People v. Teresinski

MANUEL, J.

I dissent. I would reverse the order of dismissal and direct the trial court to deny the motion to suppress evidence. In my opinion Officer Rocha did not lack an objectively reasonable basis for suspecting that defendant or his passengers were violating the Dixon curfew ordinance (§ 16.2, Dixon City Code). Even if the detention were unlawful, however, the Dixon police officer’s conduct does not taint nor require the exclusion of the identification testimony of Colin Cady, the victim of the Woodland robbery, or the exclusion of the photographs taken by the Woodland police during defendant’s booking on the robbery charges.

Circumstances short of probable cause to make an arrest may justify an officer stopping pedestrians or motorists for questioning. (In re Tony C. (1978) 21 Cal.3d 888, 892 [148 Cal.Rptr. 366, 582 P.2d 957]; People v. Harris (1975) 15 Cal.3d 384, 388-389 [124 Cal.Rptr. 536, 540 P.2d 632]; Cunha v. Superior Court (1970) 2 Cal.3d 352, 355 [85 Cal.Rptr. 160, 466 P.2d 704]; Irwin v. Superior Court (1969) 1 Cal.3d 423, 426-427 [82 Cal.Rptr. 484, 462 P.2d 12]; People v. Mickelson (1963) 59 Cal.2d 448, 450 [30 Cal.Rptr. 18, 380 P.2d 658]; People v. One 1960 Cadillac Coupe (1964) 62 Cal.2d 92, 95-96 [41 Cal.Rptr. 290, 396 P.2d 706].) As stated in Tony C., the application of the rules is based on a determination of “‘the reasonableness in all the circumstances of the particular governmental invasion of a citizen’s personal security.’ (Terry v. Ohio [1968] 392 U.S. at p. 19 [20 L.Ed.2d at p. 904]).” (21 Cal.3d at p. 892; italics added.)

In the present case there was an abundance of objective facts that justified Officer Rocha’s honest and strong belief that the occupants of the vehicle might be in violation of the curfew ordinance. (See In re Nancy C. (1972) 28 Cal.App.3d 747 [105 Cal.Rptr. 113].) He observed a car he did not recognize, apparently occupied by juveniles, driving be*466tween 2 and 3 a.m. in the business district of a relatively small town. Although he knew that the curfew law contained a provision exempting juveniles traveling to or from “some lawful business or place or dance,” he had no way of determining whether the exception applied without detaining and questioning the occupants of the vehicle. In light of the strong possibility that, the exception did not apply, such detention and questioning was fully justified. In my opinion, there can be no question of “the reasonableness in all the circumstances of the particular governmental invasion.”
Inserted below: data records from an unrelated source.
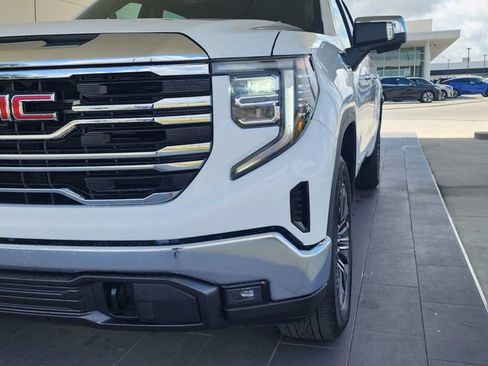 Used 2025 GMC Sierra 1500 SLT AWD/4WD image 2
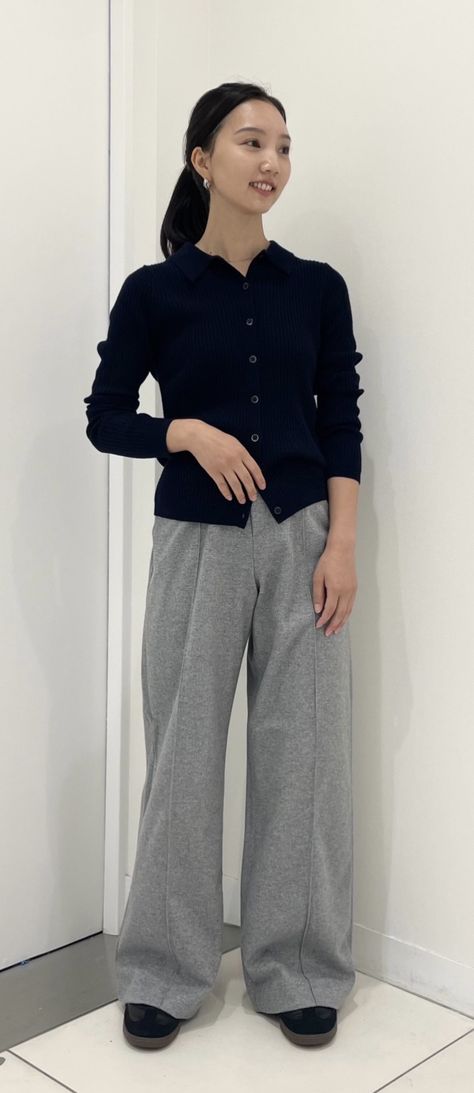 Uniqlo Looks, Uniqlo Women Outfit, Capsule Outfits, Uniqlo Women, Women Outfit, Uniqlo, Clothes For Women, Quick Saves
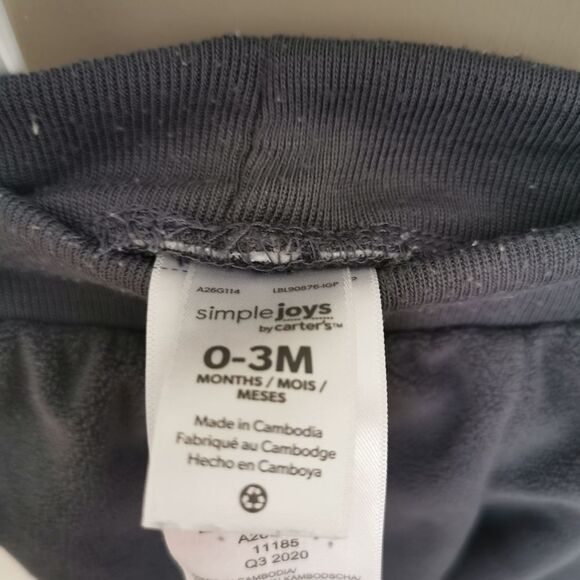 5/$10 Simple Joys by Carter's pants size 0-3 m - Picture 3 of 3
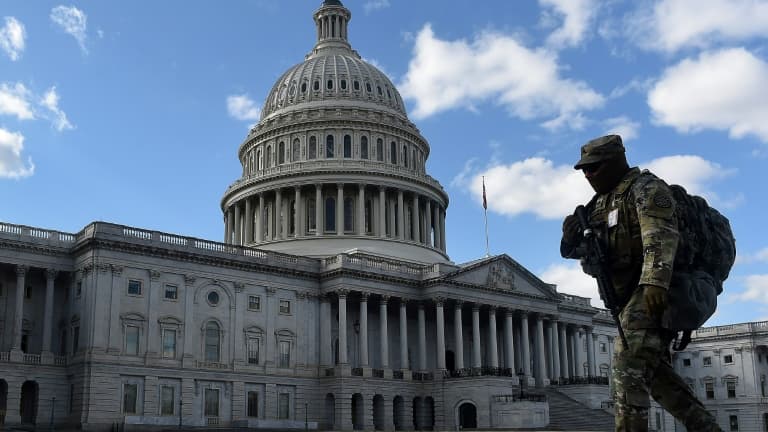 Un membre de la Garde Nationale patrouille devant le Capitole à Washington le 6 mars 2021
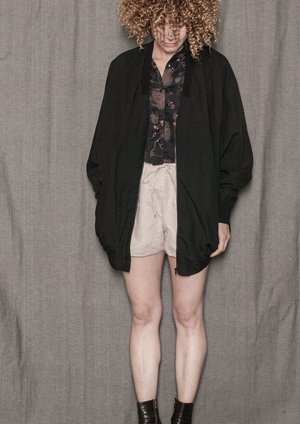Berenik Wide Sleeves Rayon Short Blouse - Black/Rust Berenik Wide Sleeves Rayon Short Blouse - Black/Rust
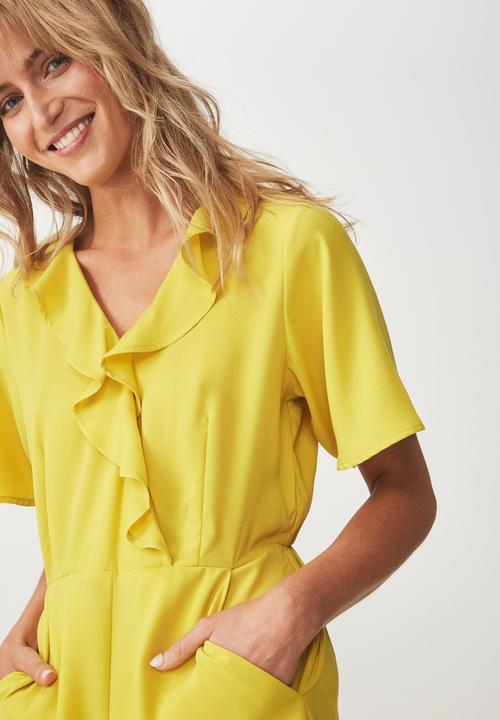 Cotton On - Woven Kennedy drill playsuit - yellow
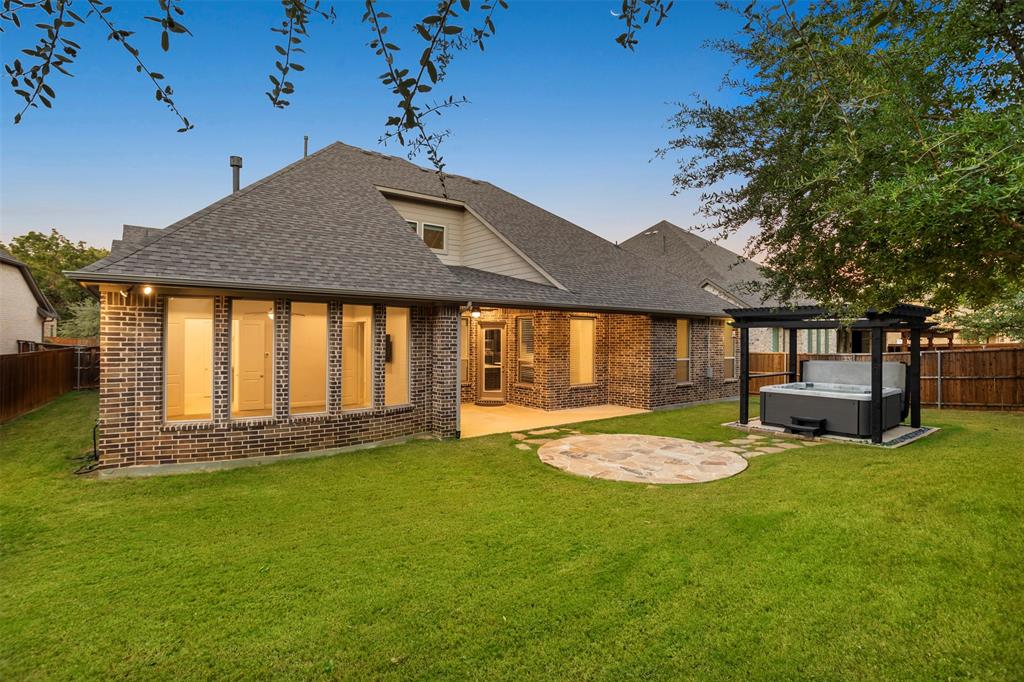 Creekside at Colleyville - Residential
Even if Officer Rocha acted improperly in detaining defendant and his passengers in Dixon, however, only the physical evidence taken from the vehicle should be suppressed. There is no basis whatever for also suppressing the robbery victim’s identification of defendant as the person who, with two companions, assaulted and robbed him in the Seven-Eleven store in Woodland. That testimony of the victim Cady was obtained by means sufficiently distinguishable so as to be purged of the primary taint of any illegality that might possibly have inhered in the initial detention. (Wong Sun v. United States (1963) 371 U.S. 471, 487-488 [9 L.Ed.2d 441, 455, 83 S.Ct. 407]; Lockridge v. Superior Court (1970) 3 Cal.3d 166 [89 Cal.Rptr. 731, 474 P.2d 683].) Moreover, since that testimony at the preliminary hearing was alone sufficient cause to hold defendant to answer for robbery, the trial court erred in dismissing the charges.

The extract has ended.